L’histoire des Premières Nations du Yukon
« Jack le Chilkoot » a guidé le premier homme blanc jusqu’au Yukon , Anton Vogee, 1899, Yukon Archives, YA# 58
On estime qu’à son apogée, la population de ce qui constitue à présent le Yukon était de 8 000 âmes, autour de l’année 1800. Il y a mésentente quant au nombre d’années où les ancêtres de ces habitants ont vécu sur cette partie du continent, parce que cela nous ramène à la question plus générale, à savoir depuis combien d’années les humains sont présents dans le Nouveau Monde. Il est généralement admis que l’Alaska et le Yukon ont été les premiers endroits de l’hémisphère ouest où des humains ont posé le pied après avoir traversé ce que l’on connaît aujourd’hui sous le nom de détroit de Béring par voie de terre, à une époque où le niveau de la mer était beaucoup moins élevé qu’il ne l’est maintenant. Cet évènement s’est certainement produit il y a au moins 14 000 ans, et peut-être même bien plus tôt selon certains experts.

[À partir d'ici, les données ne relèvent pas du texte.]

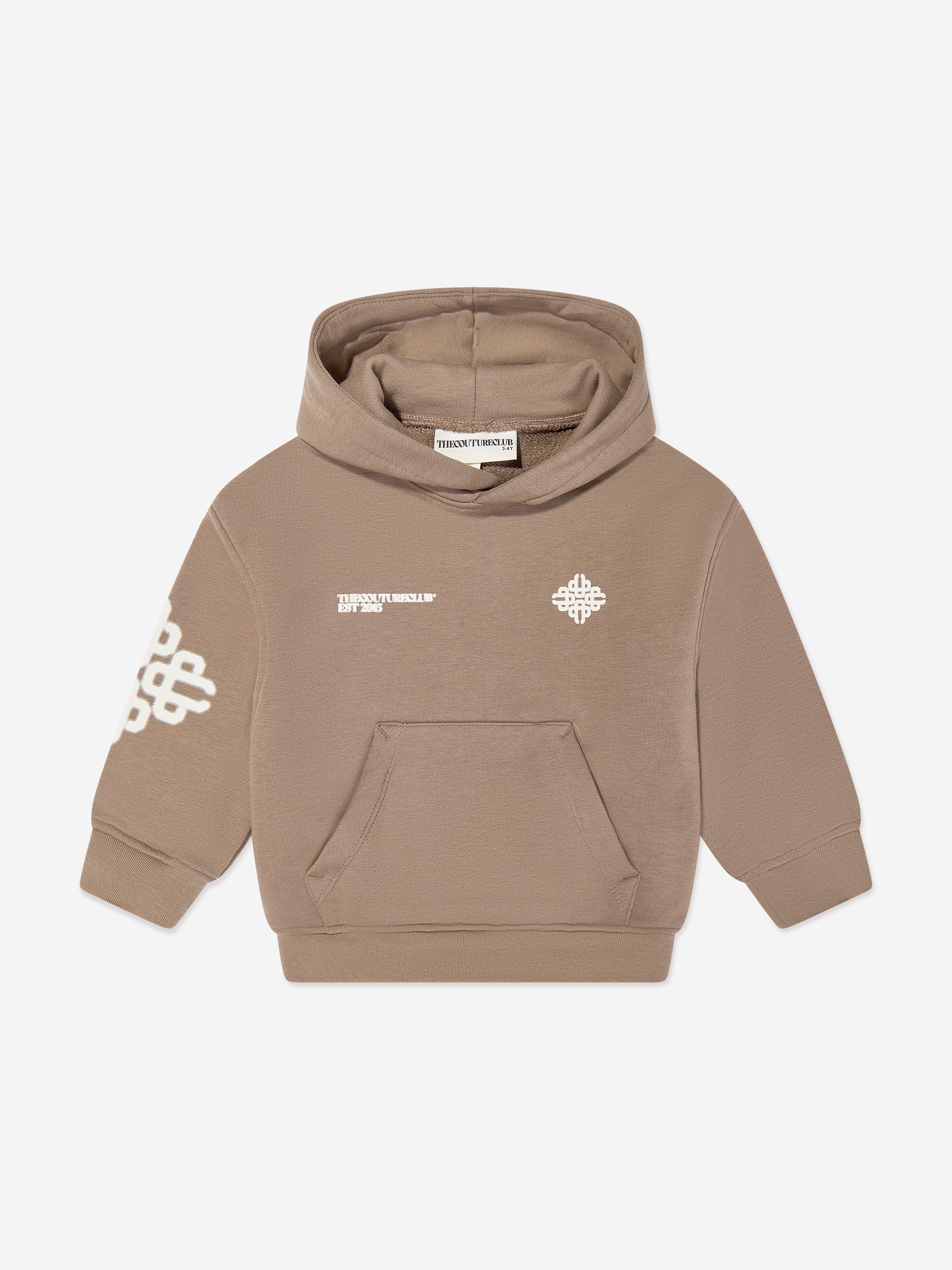 The Couture Club Kids Blurred Graphic Emblem Hoodie in Brown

La plupart des autochtones du Yukon sont Athapascans, ou Dénés, apparentés aux Premières Nations de la vallée du Mackenzie, bien qu’on compte aussi, sur la côte de l’Arctique, une population inuit; de plus, une famille tlingit occupe le sud-ouest du territoire et est apparentée aux tribus qui habitent le long des côtes de l’Alaska. À l’époque, ils vivaient de chasse et de cueillette. Ils se déplaçaient en petits groupes sur leurs territoires ancestraux, qui n’avaient pas de frontières fixes, et ils chassaient, pêchaient et récoltaient les fruits de la terre, selon les saisons. En automne, les troupeaux de caribous partaient des environs de la rivière Porcupine pour migrer au nord, faisant vivre les tribus de cette région qui chassaient ces animaux en érigeant deux longues rangées de pieux de bois plantés dans le sol, comme pour baliser un sentier menant à un enclos ou « parc » fait de branches. On amenait les animaux en les effrayant jusque dans ce parc, où ils étaient tués à l’arc.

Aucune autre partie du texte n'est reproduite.